Can you trust OpenAI's o1-preview's reasoning?
Plus, we reversed engineering o1's reasoning into a prompt you can use
OpenAI recently released its latest models, o1-preview, and o1-mini. Notably, these are a new family of models, different from the GPT family.
The major difference is in their reasoning. These models take time to “think” before starting to solve any problem, rather than just jumping right into it. This type of reasoning is inspired by prompt engineering methods like Chain of Thought prompting and Least-to-Most prompting.
But!
A longstanding concern with traditional Chain of Thought prompting is whether the reasoning truly aligns with the final answer. In other words, is the model truly faithful to the reasoning steps it generates.
Prefer video? Otherwise, let’s jump in.
How LLMs are unfaithful
Back in July of 2023, Anthropic released a paper measuring faithfulness in Chain-of-Thought reasoning chains.
They conducted a series of tests to determine how altering reasoning chains affected the final answer.
Specifically they tested to see:
Post-hoc Reasoning: Does the model generate reasoning after deciding on its answer?
Introducing Mistakes: How does adding deliberate mistakes change the model’s output?
Paraphrasing: Does rewording the reasoning chain affect output consistency?
Filler Tokens: Is the model’s performance boost truly from the reasoning, or is it just benefiting from extra computation time when reasoning steps are replaced with filler tokens?
To briefly summarize the findings:
Post-hoc Reasoning: Results were mixed across datasets. In some cases, the model generated reasoning after deciding on the answer, suggesting post-hoc behavior, while in others, it seemed more faithful.
Introducing Mistakes: Introducing errors had mixed effects; in some datasets, the answer changed, while in others, the answers remained unchanged, indicating inconsistent reliance on the reasoning steps.
Paraphrasing: Rewording rarely impacted the model's output, showing it wasn't dependent on specific phrasing.
Filler Tokens: Performance didn’t improve with filler tokens, suggesting that the benefits from reasoning wasn’t just from extra computation time alone.
For more details, you can check out our full deep dive here: Faithful Chain-of-Thought reasoning guide
How model size affects faithfulness
Potentially the most interesting aspect of the paper was that the researchers tested how the size of the model influenced its faithfulness to its reasoning.
Long story short, medium-smaller sized models (13B parameters) were more faithful than both smaller and larger models.

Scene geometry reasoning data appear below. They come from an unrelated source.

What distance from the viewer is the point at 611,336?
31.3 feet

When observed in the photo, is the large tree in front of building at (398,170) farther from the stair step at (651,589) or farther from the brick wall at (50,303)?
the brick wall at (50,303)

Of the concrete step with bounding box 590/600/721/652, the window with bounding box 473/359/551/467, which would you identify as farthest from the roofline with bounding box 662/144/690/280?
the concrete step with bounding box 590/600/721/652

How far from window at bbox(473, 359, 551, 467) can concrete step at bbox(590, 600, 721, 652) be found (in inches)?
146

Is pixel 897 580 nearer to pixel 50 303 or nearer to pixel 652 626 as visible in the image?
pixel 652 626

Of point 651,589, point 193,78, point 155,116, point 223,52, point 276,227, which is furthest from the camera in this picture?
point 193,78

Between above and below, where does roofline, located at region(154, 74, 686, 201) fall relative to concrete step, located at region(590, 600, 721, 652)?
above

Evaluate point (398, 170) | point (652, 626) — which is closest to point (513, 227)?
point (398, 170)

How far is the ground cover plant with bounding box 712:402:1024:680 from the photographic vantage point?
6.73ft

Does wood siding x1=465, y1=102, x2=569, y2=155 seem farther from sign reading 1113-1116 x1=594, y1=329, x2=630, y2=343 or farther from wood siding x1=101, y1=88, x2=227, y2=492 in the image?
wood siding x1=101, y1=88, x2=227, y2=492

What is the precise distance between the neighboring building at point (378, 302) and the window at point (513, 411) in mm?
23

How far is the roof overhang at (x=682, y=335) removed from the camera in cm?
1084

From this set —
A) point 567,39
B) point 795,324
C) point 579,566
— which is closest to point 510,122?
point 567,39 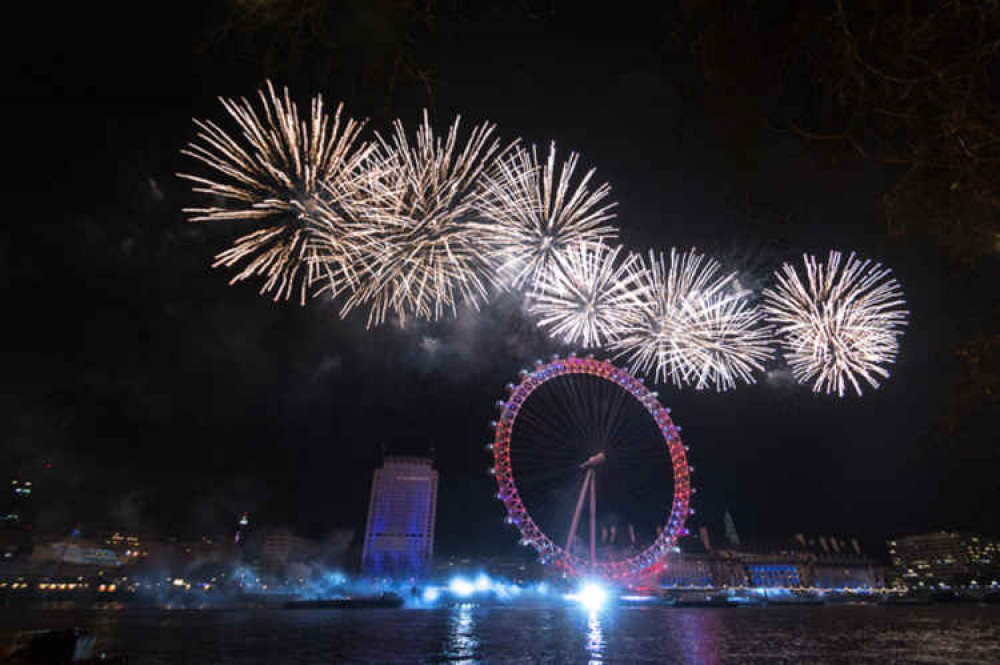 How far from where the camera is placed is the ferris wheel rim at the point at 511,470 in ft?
143

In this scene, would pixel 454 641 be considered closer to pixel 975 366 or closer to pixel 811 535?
pixel 975 366

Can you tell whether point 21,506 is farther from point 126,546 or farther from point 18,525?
point 126,546

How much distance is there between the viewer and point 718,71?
442cm

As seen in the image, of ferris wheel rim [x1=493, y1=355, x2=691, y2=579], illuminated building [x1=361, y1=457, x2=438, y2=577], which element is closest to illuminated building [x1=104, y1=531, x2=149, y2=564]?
illuminated building [x1=361, y1=457, x2=438, y2=577]

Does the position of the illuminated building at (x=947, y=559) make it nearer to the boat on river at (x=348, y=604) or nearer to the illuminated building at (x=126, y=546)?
the boat on river at (x=348, y=604)

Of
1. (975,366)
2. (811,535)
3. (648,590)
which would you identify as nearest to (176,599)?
(648,590)

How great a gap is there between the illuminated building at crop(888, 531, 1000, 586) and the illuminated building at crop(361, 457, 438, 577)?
152m

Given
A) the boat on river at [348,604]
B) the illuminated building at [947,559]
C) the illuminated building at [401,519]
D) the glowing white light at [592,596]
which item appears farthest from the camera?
the illuminated building at [947,559]

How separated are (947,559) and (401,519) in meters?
188

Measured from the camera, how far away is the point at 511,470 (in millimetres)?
43656

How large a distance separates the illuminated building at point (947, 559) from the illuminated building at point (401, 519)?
152473mm

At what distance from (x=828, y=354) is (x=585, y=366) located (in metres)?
33.8

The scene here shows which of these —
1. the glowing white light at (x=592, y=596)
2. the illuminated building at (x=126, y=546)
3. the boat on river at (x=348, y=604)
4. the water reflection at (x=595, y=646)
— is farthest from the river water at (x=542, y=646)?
the illuminated building at (x=126, y=546)

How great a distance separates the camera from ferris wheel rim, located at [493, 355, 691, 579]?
1719 inches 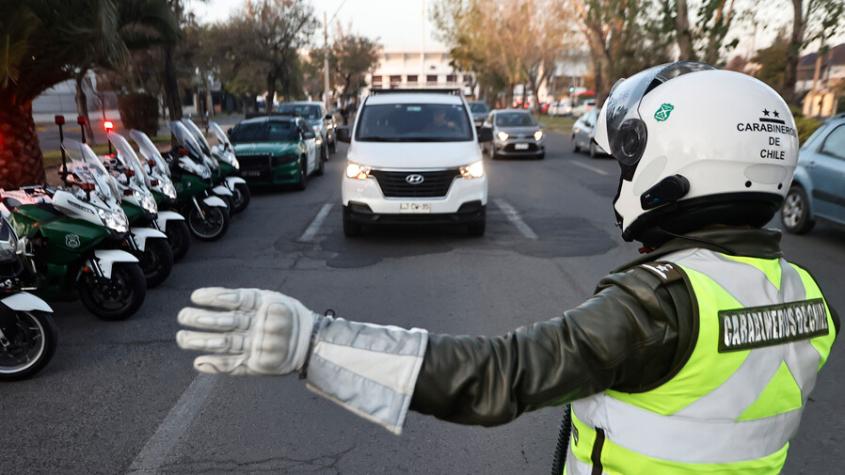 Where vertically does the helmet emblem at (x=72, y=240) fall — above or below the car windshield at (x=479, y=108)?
below

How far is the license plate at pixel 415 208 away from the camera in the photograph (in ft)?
26.6

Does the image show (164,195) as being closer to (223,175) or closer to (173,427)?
(223,175)

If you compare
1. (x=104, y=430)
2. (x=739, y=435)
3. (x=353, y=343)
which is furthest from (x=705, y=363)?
(x=104, y=430)

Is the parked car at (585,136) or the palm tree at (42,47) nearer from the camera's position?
the palm tree at (42,47)

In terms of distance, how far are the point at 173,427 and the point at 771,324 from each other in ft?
10.8

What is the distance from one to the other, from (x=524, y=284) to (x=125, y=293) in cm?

Larger models were less likely to be faithful to their reasoning chains due to the inverse scaling hypothesis, which essentially says that as models become "smarter," (more parameters) they’re less likely to follow detailed reasoning steps.
Okay, back to o1.
How o1-preview hallucinates in its reasoning
Users are starting to notice that o1-preview will sometimes hallucinate within its Chain of Thought summaries.

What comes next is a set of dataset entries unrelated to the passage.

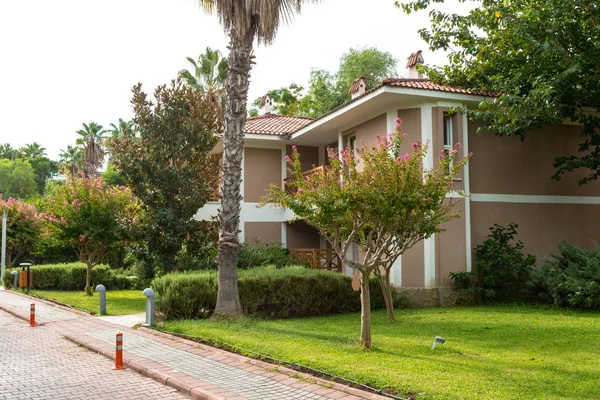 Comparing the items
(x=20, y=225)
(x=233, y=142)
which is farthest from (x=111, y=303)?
(x=20, y=225)

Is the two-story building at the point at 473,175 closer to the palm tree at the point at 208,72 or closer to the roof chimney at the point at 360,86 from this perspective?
the roof chimney at the point at 360,86

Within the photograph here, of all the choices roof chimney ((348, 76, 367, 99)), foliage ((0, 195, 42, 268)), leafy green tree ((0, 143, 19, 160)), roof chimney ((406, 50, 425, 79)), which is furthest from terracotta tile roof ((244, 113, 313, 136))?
leafy green tree ((0, 143, 19, 160))

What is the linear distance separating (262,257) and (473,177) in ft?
24.6

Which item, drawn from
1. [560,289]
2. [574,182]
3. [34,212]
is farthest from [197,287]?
[34,212]

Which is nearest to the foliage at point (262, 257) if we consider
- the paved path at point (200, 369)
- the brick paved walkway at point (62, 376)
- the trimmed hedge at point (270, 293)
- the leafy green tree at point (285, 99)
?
the trimmed hedge at point (270, 293)

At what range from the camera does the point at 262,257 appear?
736 inches

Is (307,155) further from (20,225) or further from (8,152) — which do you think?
(8,152)

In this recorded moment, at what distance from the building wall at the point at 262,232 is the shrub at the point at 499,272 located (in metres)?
8.87

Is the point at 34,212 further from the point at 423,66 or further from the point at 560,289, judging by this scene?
the point at 560,289

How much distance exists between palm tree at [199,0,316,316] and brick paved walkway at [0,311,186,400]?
3.62m

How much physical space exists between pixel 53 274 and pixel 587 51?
22.1 metres

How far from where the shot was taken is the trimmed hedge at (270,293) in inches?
503

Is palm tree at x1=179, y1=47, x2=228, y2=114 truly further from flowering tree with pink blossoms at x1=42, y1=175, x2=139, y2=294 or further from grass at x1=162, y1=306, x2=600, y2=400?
grass at x1=162, y1=306, x2=600, y2=400

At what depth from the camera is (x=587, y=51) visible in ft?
42.3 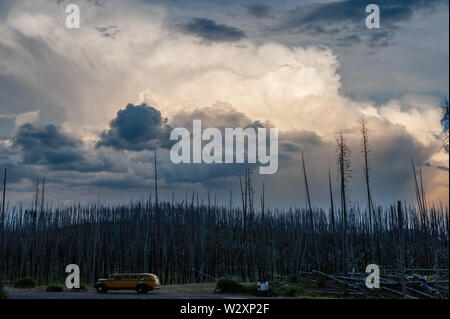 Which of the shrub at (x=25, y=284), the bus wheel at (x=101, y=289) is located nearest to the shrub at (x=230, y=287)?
the bus wheel at (x=101, y=289)

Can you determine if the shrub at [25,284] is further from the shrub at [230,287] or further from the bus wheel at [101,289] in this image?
the shrub at [230,287]

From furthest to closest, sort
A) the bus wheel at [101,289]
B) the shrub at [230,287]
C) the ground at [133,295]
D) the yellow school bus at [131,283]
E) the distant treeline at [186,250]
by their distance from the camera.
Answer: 1. the distant treeline at [186,250]
2. the bus wheel at [101,289]
3. the yellow school bus at [131,283]
4. the shrub at [230,287]
5. the ground at [133,295]

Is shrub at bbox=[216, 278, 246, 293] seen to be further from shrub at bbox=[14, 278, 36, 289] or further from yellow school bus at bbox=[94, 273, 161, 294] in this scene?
shrub at bbox=[14, 278, 36, 289]

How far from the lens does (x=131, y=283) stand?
26797mm

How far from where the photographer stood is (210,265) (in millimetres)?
48094

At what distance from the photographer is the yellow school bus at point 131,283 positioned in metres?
26.5

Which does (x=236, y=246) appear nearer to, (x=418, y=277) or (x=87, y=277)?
(x=87, y=277)

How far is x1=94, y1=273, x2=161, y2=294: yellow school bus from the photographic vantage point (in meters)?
26.5

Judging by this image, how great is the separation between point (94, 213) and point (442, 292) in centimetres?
4058

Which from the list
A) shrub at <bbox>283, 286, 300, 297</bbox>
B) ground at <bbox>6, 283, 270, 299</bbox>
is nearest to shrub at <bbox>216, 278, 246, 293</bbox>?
ground at <bbox>6, 283, 270, 299</bbox>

Of course you can cherry pick individual hallucinations, but the frequency that this type of hallucination occurs seems high enough to warrant a keen eye when using the model.
Combatting unfaithful reasoning chains
A few months after Anthropic’s paper was released, a team of researchers from UPenn created a new method to address unfaithful reasoning called Faithful Chain of Thought.

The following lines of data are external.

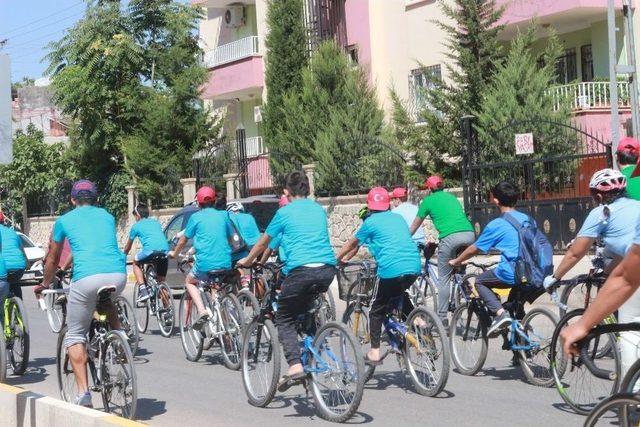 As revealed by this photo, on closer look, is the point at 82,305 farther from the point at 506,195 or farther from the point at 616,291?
the point at 616,291

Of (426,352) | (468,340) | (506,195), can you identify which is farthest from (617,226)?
(468,340)

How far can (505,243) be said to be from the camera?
982cm

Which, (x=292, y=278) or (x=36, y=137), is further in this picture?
(x=36, y=137)

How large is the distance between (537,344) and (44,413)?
451 cm

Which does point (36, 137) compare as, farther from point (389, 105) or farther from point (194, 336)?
point (194, 336)

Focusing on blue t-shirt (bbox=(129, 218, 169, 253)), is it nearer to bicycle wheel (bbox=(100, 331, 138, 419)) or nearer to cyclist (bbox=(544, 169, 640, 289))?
bicycle wheel (bbox=(100, 331, 138, 419))

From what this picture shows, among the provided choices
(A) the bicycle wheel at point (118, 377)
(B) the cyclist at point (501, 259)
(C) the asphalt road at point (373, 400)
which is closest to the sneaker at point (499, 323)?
(B) the cyclist at point (501, 259)

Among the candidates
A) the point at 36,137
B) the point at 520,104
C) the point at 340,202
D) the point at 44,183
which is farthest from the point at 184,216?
the point at 36,137

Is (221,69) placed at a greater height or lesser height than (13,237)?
greater

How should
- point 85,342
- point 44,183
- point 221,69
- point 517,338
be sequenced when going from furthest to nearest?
point 44,183, point 221,69, point 517,338, point 85,342

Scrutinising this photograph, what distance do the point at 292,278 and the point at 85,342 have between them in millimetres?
1770

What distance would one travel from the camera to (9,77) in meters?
8.98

Faithful Chain of Thought directly ties the reasoning chain to the final answer by converting tasks into structured, symbolic formats (e.g., generating Python code) and using deterministic solvers to ensure each step is followed.
Here’s a template you can use to start testing Faithful Chain of Thought.
Another method to address unfaithful reasoning is via prompt chaining. Verifying outputs against how they were generated using multiple prompts can enhance accuracy. Additionally, Least-to-Most prompting will help further encourage step-by-step reasoning by breaking down complex tasks into smaller subtasks.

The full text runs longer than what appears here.